=== Records to use ===
★ ★ ★ ★ ★ ★ ★
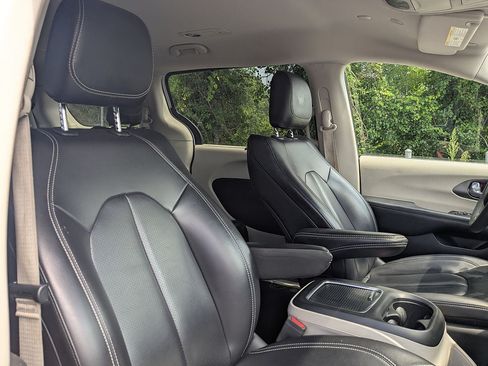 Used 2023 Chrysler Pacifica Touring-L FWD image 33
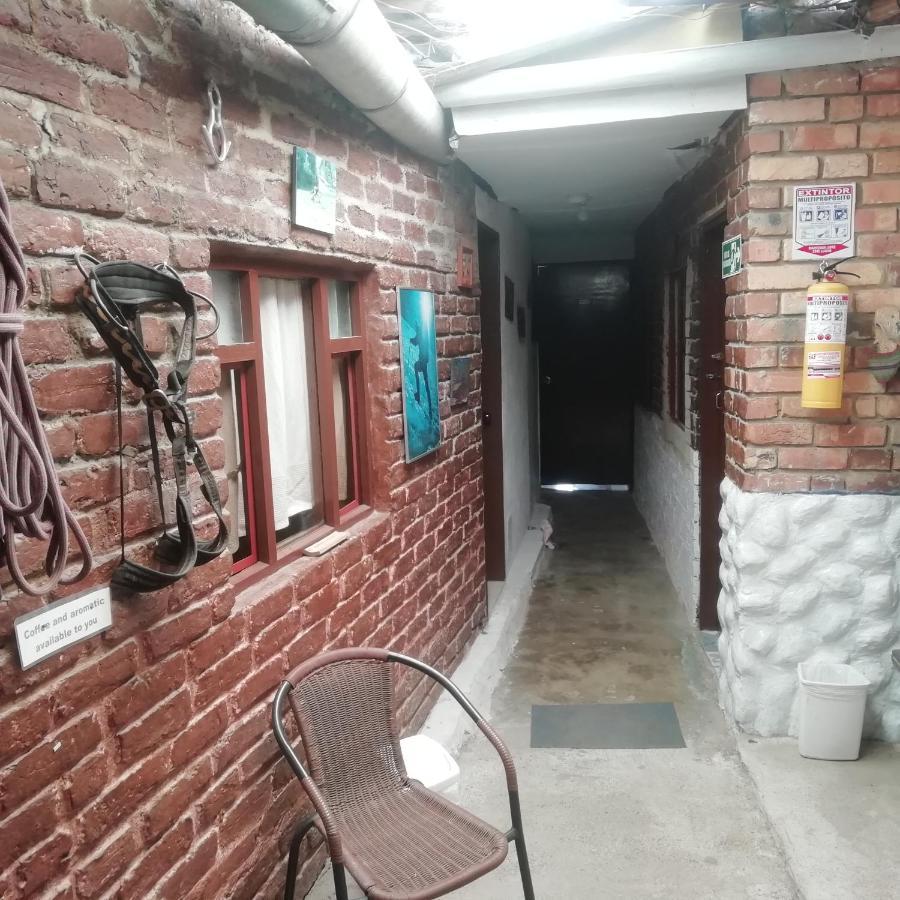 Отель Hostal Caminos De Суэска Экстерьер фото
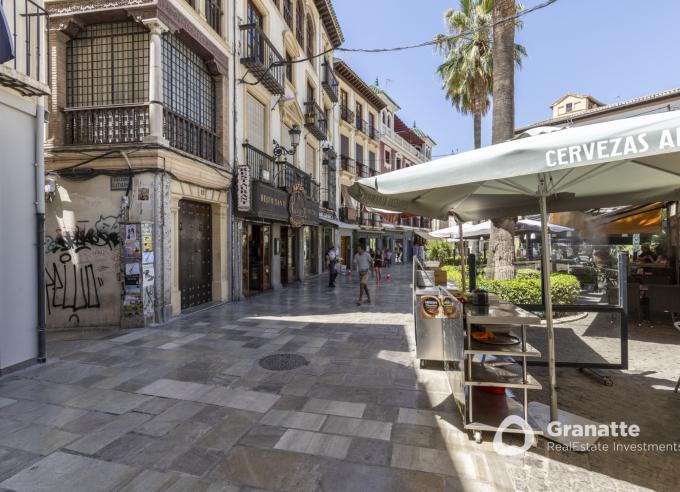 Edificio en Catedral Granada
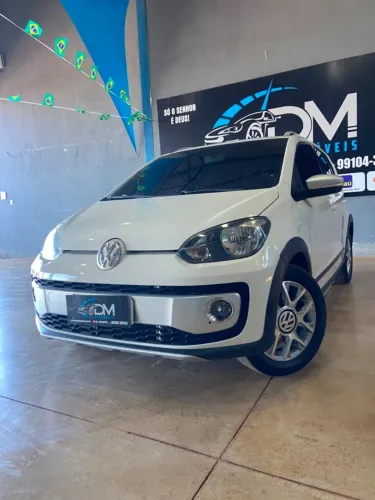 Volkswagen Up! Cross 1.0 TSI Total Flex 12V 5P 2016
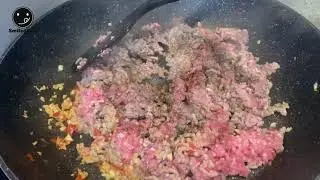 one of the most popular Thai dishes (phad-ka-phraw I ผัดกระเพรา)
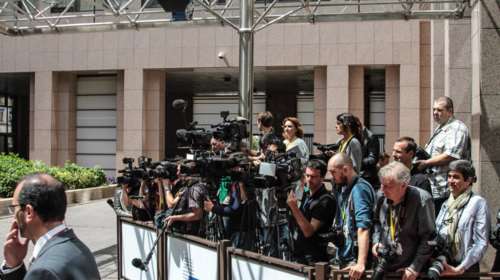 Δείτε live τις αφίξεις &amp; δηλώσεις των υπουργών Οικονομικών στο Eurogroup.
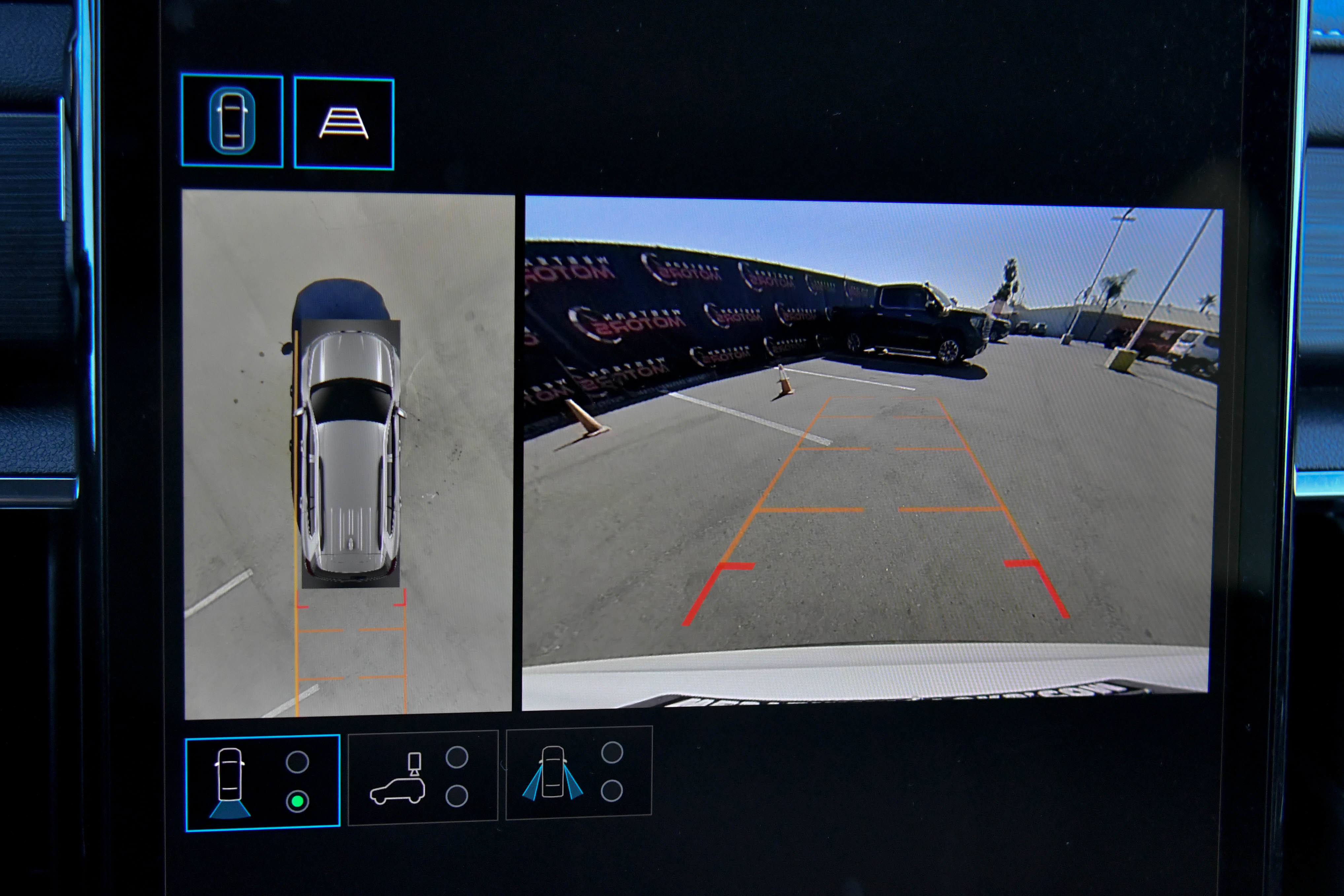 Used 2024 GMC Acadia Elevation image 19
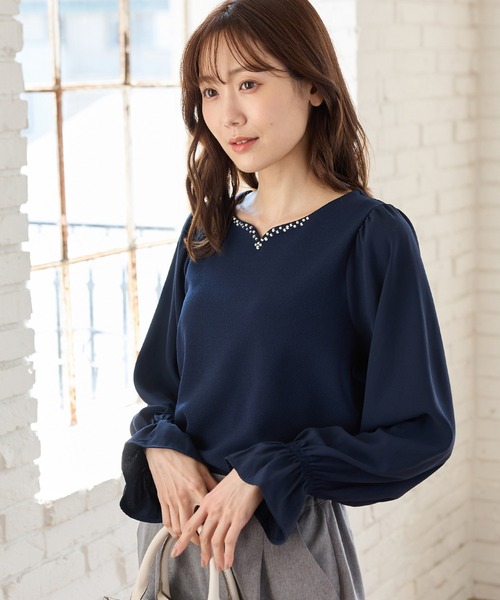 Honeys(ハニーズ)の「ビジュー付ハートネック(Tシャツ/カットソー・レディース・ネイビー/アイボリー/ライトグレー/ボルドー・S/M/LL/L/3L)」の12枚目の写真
★ ★ ★ ★ ★ ★ ★
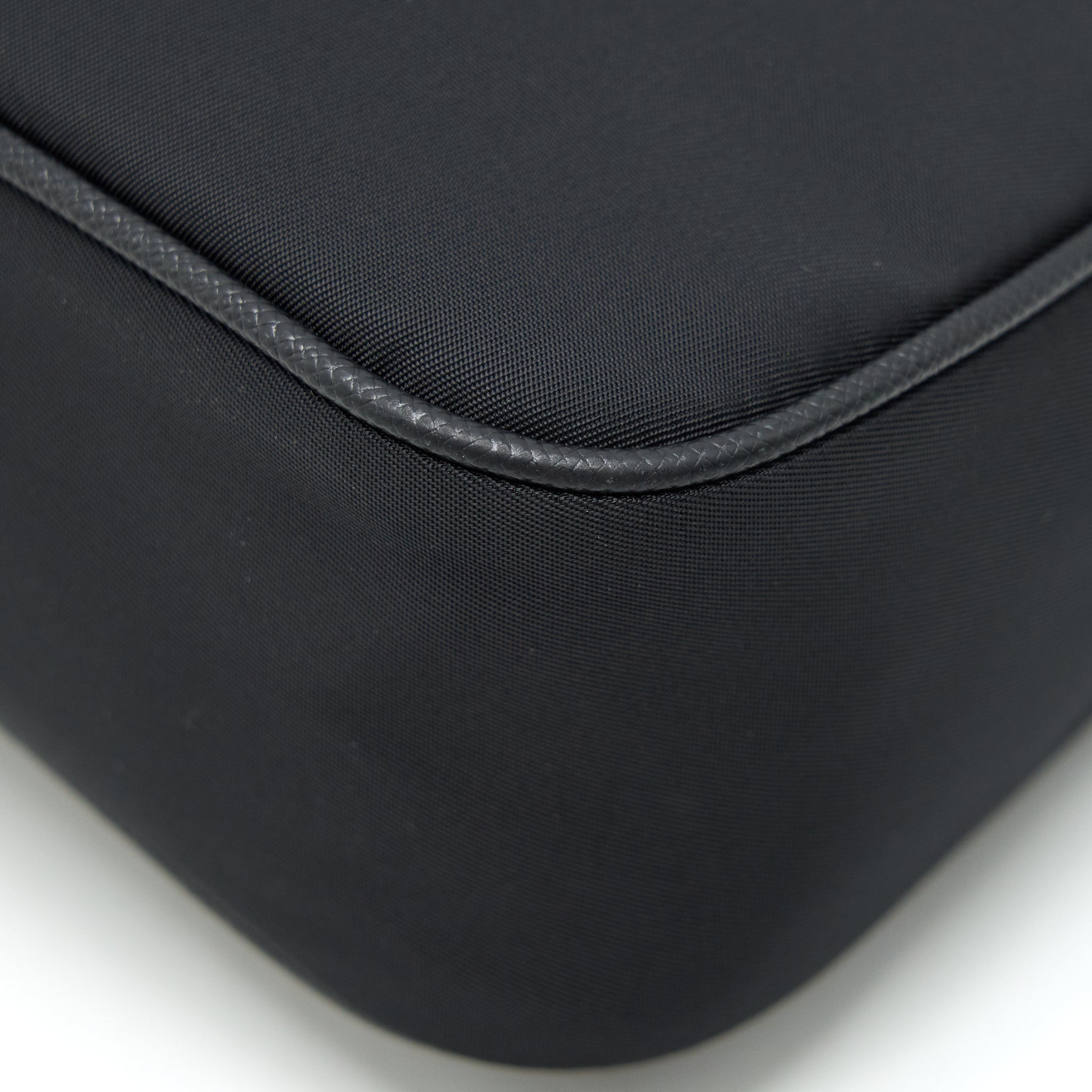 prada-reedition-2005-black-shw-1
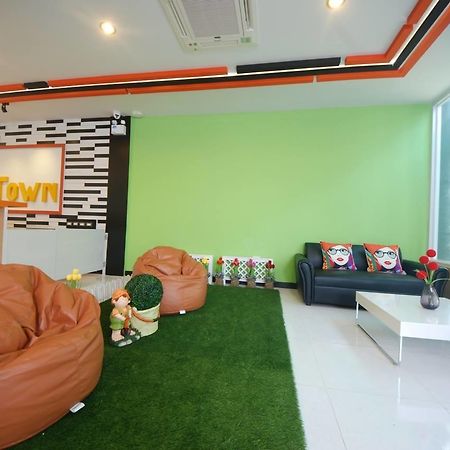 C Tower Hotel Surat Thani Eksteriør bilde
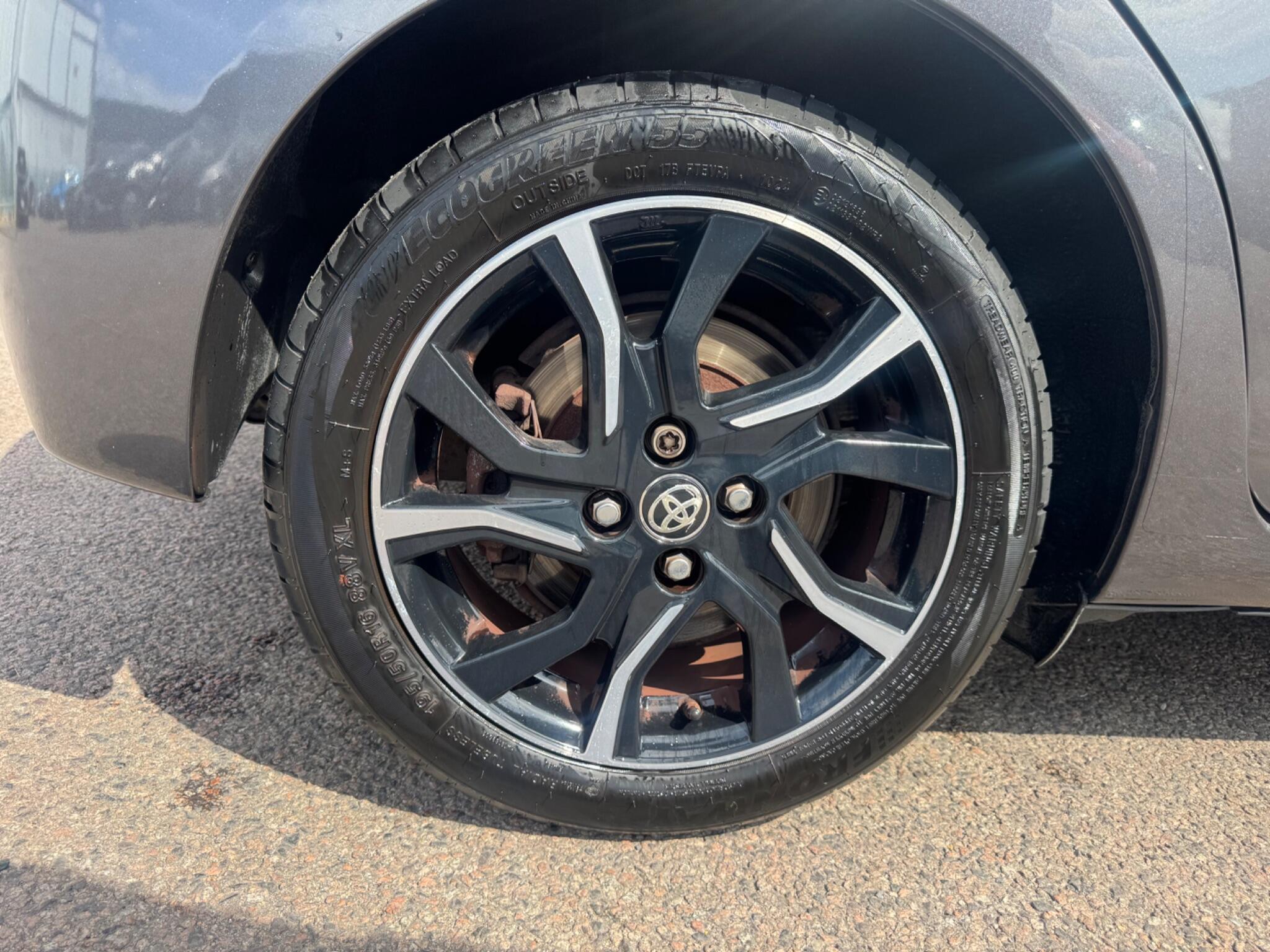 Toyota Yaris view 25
★ ★ ★ ★ ★ ★ ★
=== Work instruction ===
Take the entries above and copy exactly the lines starting at the one with "one of the most" and ending at the one with "Honeys(ハニーズ)の「"; nothing outside that span, and no pictures.

=== Exercise response ===
 one of the most popular Thai dishes (phad-ka-phraw I ผัดกระเพรา)
 Δείτε live τις αφίξεις &amp; δηλώσεις των υπουργών Οικονομικών στο Eurogroup.
 Used 2024 GMC Acadia Elevation image 19
 Honeys(ハニーズ)の「ビジュー付ハートネック(Tシャツ/カットソー・レディース・ネイビー/アイボリー/ライトグレー/ボルドー・S/M/LL/L/3L)」の12枚目の写真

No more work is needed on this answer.